Data:
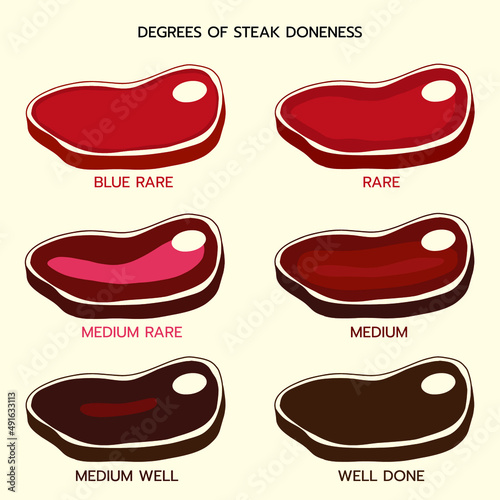 Hand drawn cute chart illustration vector; 6 degrees of steak doneness (blue rare, rare, medium rare, medium, medium well, well done) isolated on light cream background. 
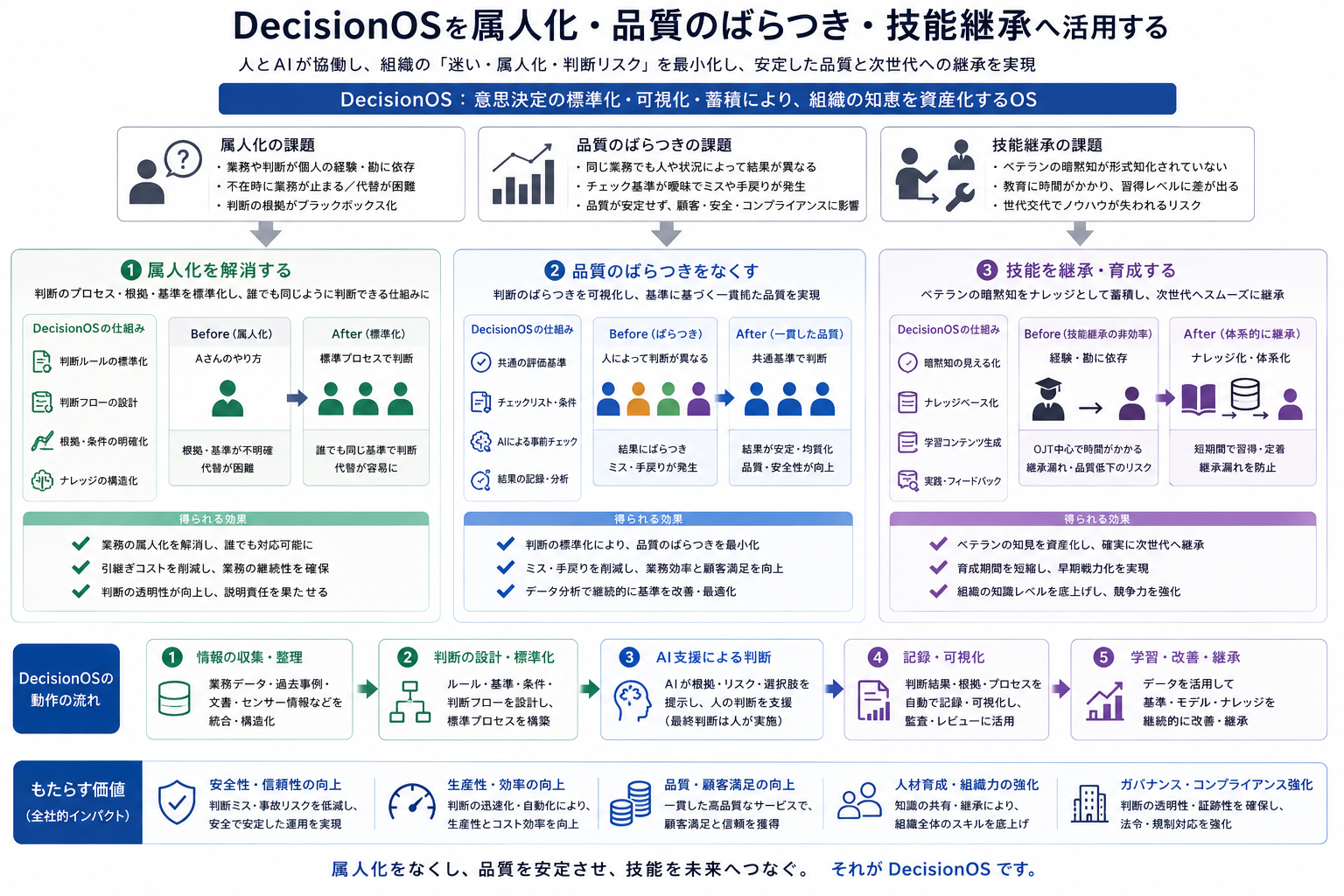 属人化・品質ばらつき・技能継承へのDecisionOS活用図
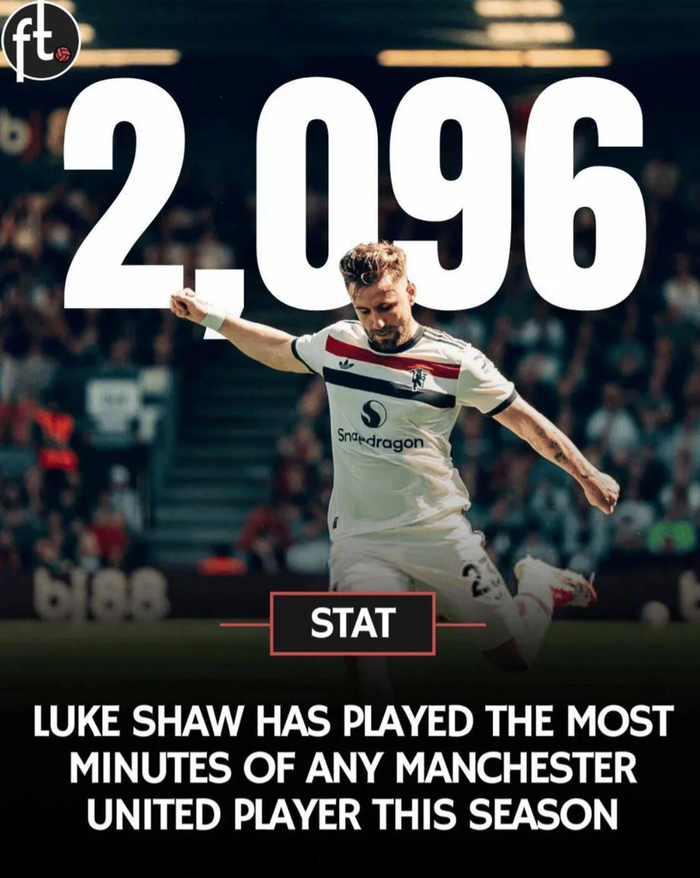 曼联本赛季出场时间榜：卢克肖2096分钟居首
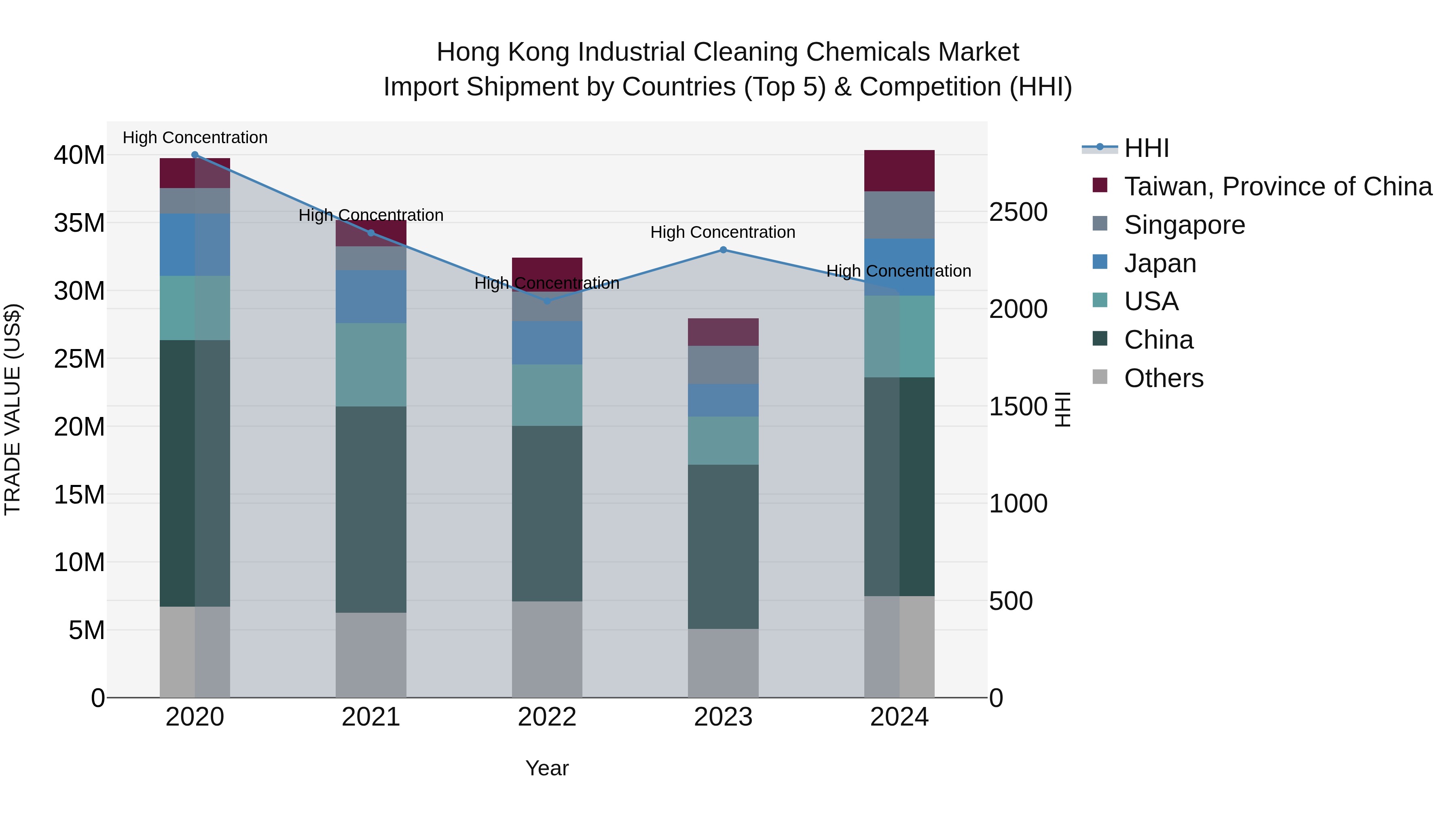 Hong Kong Industrial Cleaning Chemicals Market Top 5 Importing Countries and Market Competition (HHI) Analysis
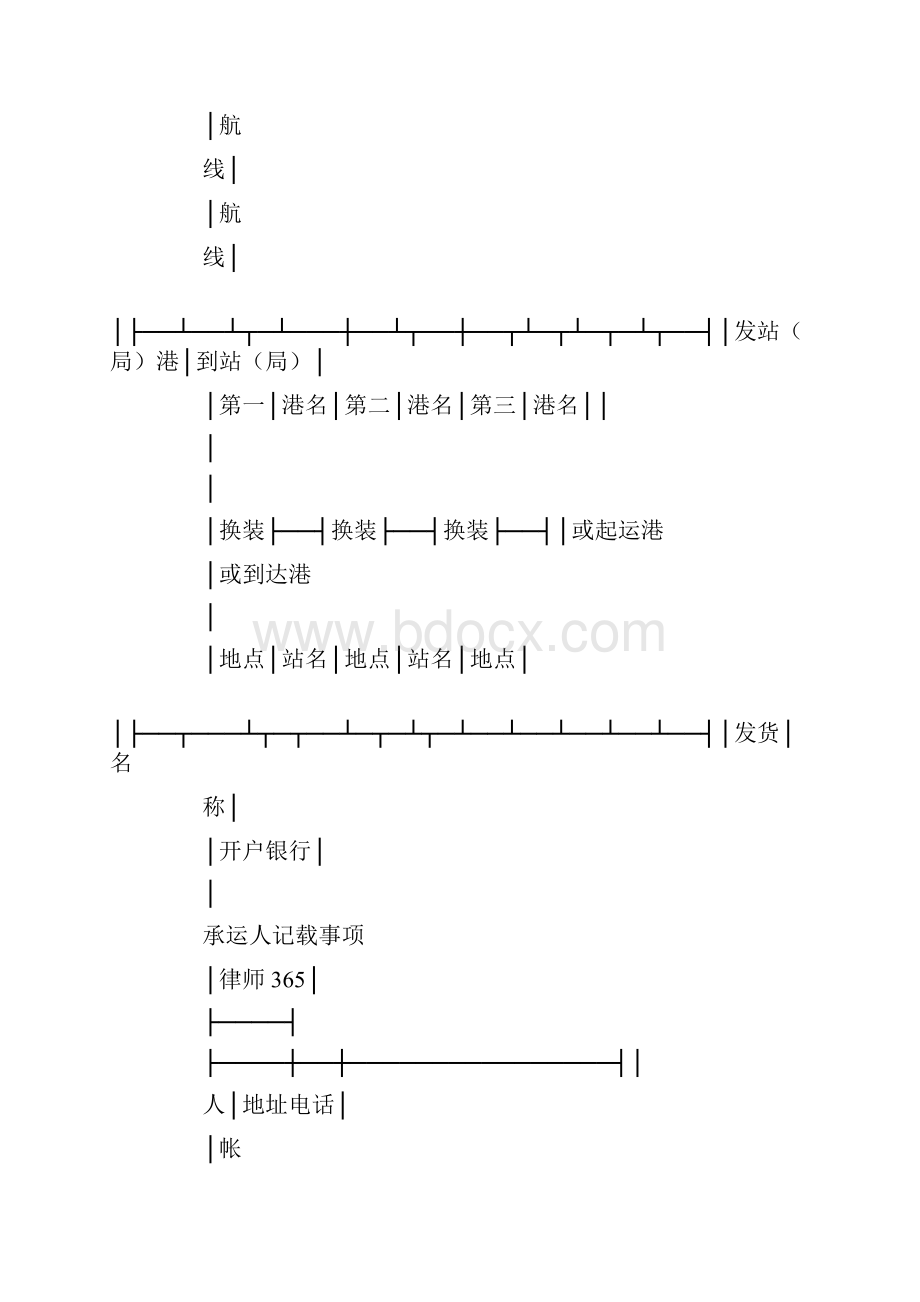 水陆联运登记单.docx_第3页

Your task: Only the pictures are dropped. Otherwise, write out the listing exactly.

Result of the exercise:
 Hand drawn cute chart illustration vector; 6 degrees of steak doneness (blue rare, rare, medium rare, medium, medium well, well done) isolated on light cream background. 
 属人化・品質ばらつき・技能継承へのDecisionOS活用図
 曼联本赛季出场时间榜：卢克肖2096分钟居首
 Hong Kong Industrial Cleaning Chemicals Market Top 5 Importing Countries and Market Competition (HHI) Analysis
 水陆联运登记单.docx_第3页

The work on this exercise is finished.